A senior member of the Electoral Reform Alliance yesterday appealed for the National Election Committee to be given special jurisdictional powers over certain areas around the country during election campaigns so that it can ensure freedom of assembly.
The appeal was made by Sok Sam Oeun during a meeting of the ERA, an umbrella organisation composed of groups like election monitor Comfrel that was formed after the disputed 2013 national election to pressure the government to reform.
“The NEC might get measures stipulated in the law or have discussions with the government about whether some places are handed to the NEC,” said Sam Oeun, who is also a prominent lawyer, at a roundtable discussion held at the Sunway Hotel.
“During the election campaigns, the NEC would be the decision-maker, so there will be no need to ask for the towns or ministry [to give permission to assemble] during the election campaigns,” he added. “Please take this for discussions with the government.”
Despite clear constitutional protections on the freedom to assemble, authorities frequently ban public gatherings by saying that the organisers did not seek permission for their activities.

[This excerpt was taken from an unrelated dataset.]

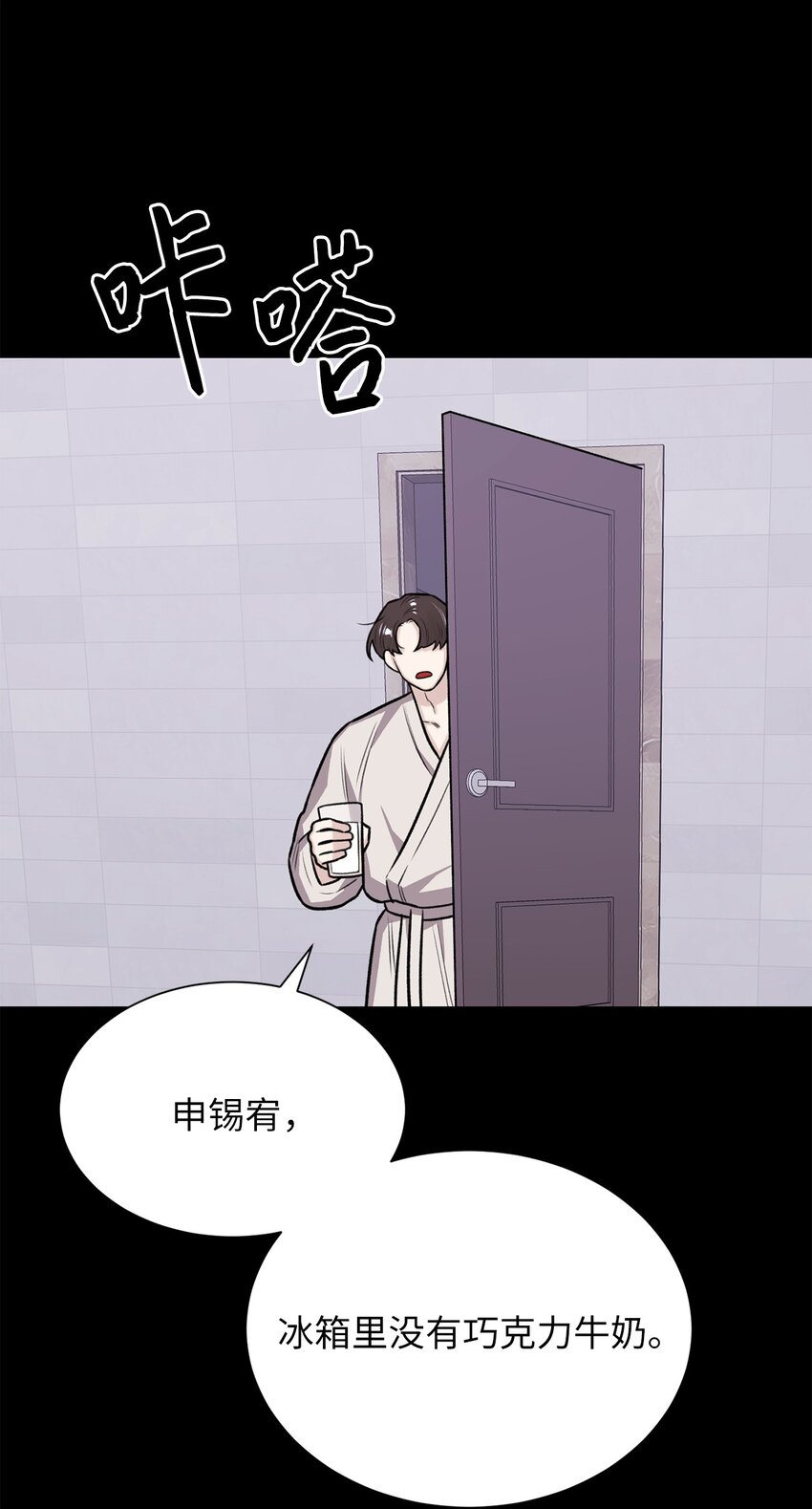 22 原来不是梦啊(1/2)-第22话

The bans are often enforced by security guards or armed police.
However, the Kingdom’s Law on Peaceful Demonstrations makes clear that event organisers need only submit notification of – not ask permission for – an event or protest, which authorities can only block if there is a legitimate threat of physical danger or if the event falls on one of a handful of major holidays. If authorities do not respond to the notification, it is considered a de facto approval under the law.

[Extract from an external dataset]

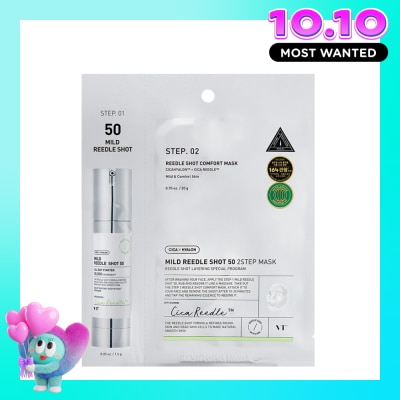 VT Mild Reedle Shot 50 2Step Mask 1.5g+20g image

Sam Oeun said the issue has cropped up during past election campaigns, and that some parties were even left unaware of which government bodies to seek “permission” from before campaigning for votes on state-owned property. NEC-run areas would fix this, he said.
However, NEC deputy secretary-general Sorm Sorida said at the roundtable that the proposal could be troublesome because he did not believe the elections body had resources to manage such areas.

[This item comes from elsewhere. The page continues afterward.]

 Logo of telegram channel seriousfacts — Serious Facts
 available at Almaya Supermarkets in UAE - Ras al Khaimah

“If those places were handed to the NEC to control, I think the NEC would face some problems,” Sorida said. “What if there was damage [to the areas]? Who would take responsibility?”
But he said he could envision the NEC working with authorities to set aside some areas clearly designated for campaigning – even if the elections body itself did not assume jurisdiction over them.
“I agree that the NEC should work with the local authorities to arrange some public locations for . . . the political parties to use for their campaigning,” he explained. “That would be a good thing.”
Separately, in a morning ceremony, the Chinese government donated nearly $12 million worth of items to the NEC for use in the coming June 4 commune elections, which will be the first vote held since the body was restructured following the 2013 election.
Among the bounty were 29 pick-up trucks, 10 SUVs, five vans, 29 motorbikes, 26 video conferencing systems, 2,400 two-way radios, 170 power generators and an assortment of general-use office items including work desks, filing cabinets and chairs.